The annual carbon dioxide cycle in a montane soil: Observations, modeling, and implications for weathering

Abstract

Profiles of CO₂concentrations in soil and snow, soil respiration, soil and snow temperatures, and shallow groundwater chemistry were monitored from March 1984 to July 1985 in a montane region near Brighton, Utah. Significant seasonal variations in the concentrations of CO₂in soil and snow occurred, and two principal rise‐decline cycles were observed. During the first cycle the concentration of soil CO₂at 35 cm rose from 4200 ppmv in July to a maximum of 12,400 ppmv in August and then declined to 4300 ppmv by October. This cycle is attributed to the changing production rate of soil CO₂during the growing season. During the second cycle the concentration of CO₂at 35 cm began to rise in November, reached a maximum of 7200 ppmv in early spring, and quickly declined to 3200 ppmv by late spring shortly after the snow cover had melted.

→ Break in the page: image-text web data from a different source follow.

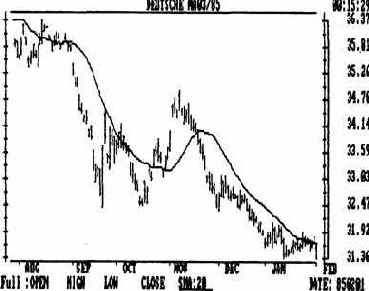 Пример простого двадцатидневного среднего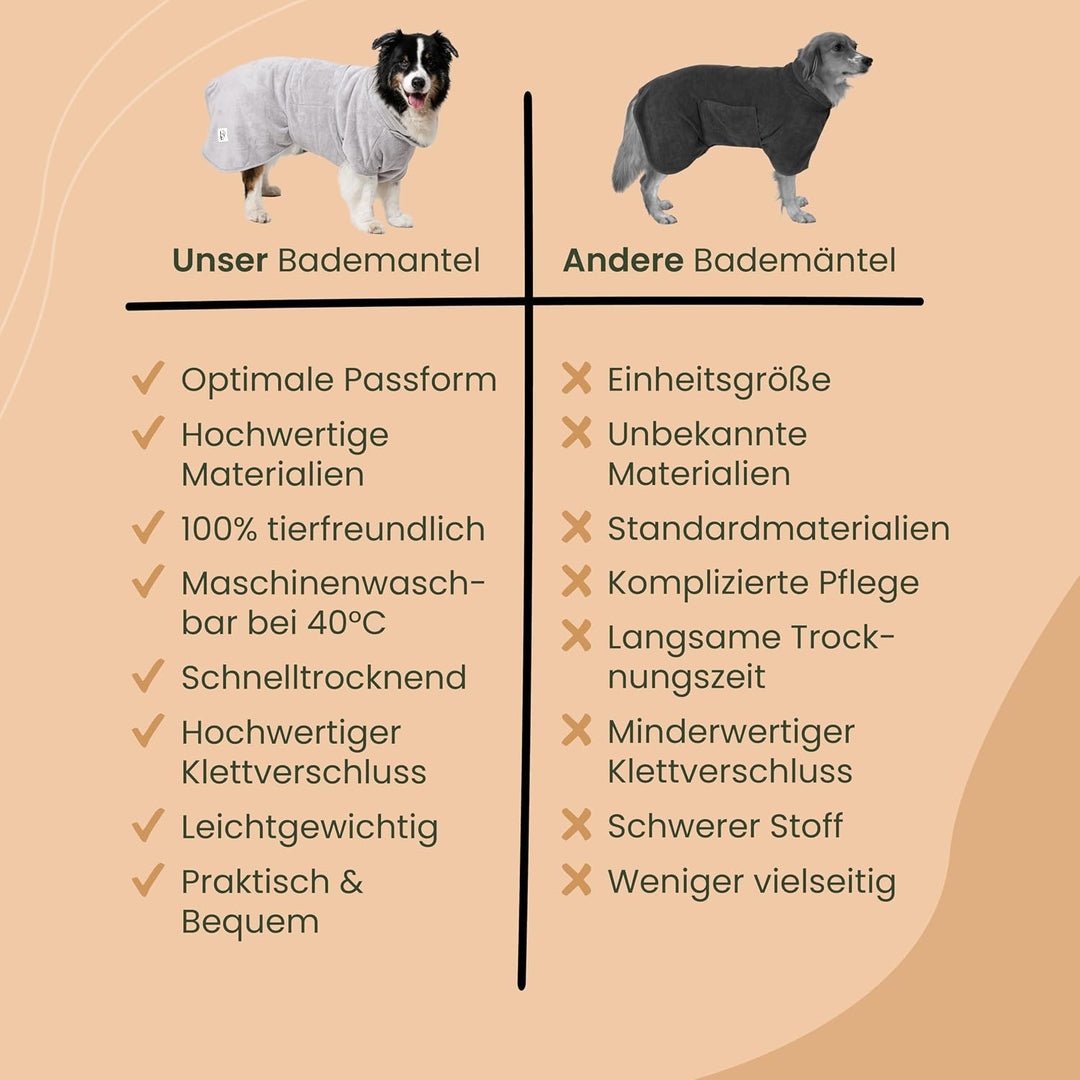 TESTSIEGER Hundebademantel - Flauschiger Mikrofaser-Mantel für trockene, glückliche Hunde - Saugstar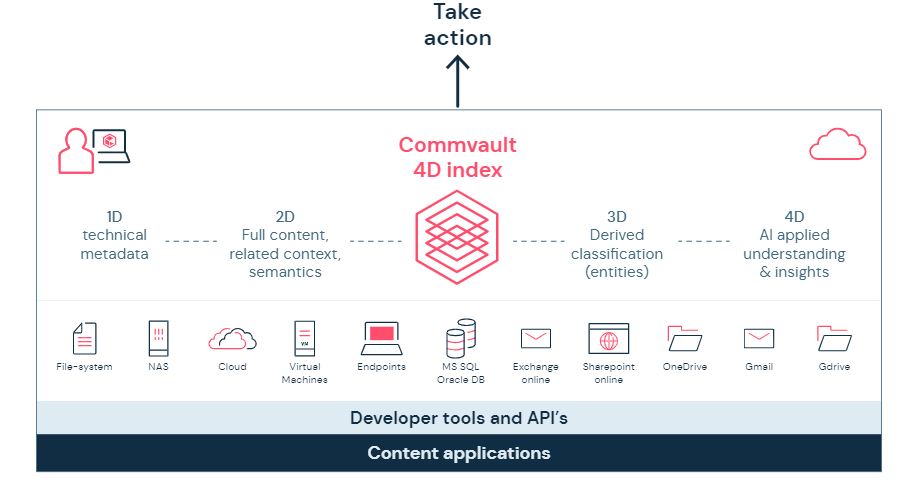 Commvault developer tools and API's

This cycle is attributed to deterioration in the exchange of CO₂between the soil and atmosphere due to a deep snowpack. A model based on Pick's second law of diffusion was developed to account for the temporal and spatial distribution of soil CO₂. The model predicts that soil CO₂at 35 cm is increased by as much as 15 times due to the deep snowpack. The elevated concentration of soil CO₂, abundance of water, and above‐freezing soil temperatures imply that significant soil weathering occurs during the winter in montane regions.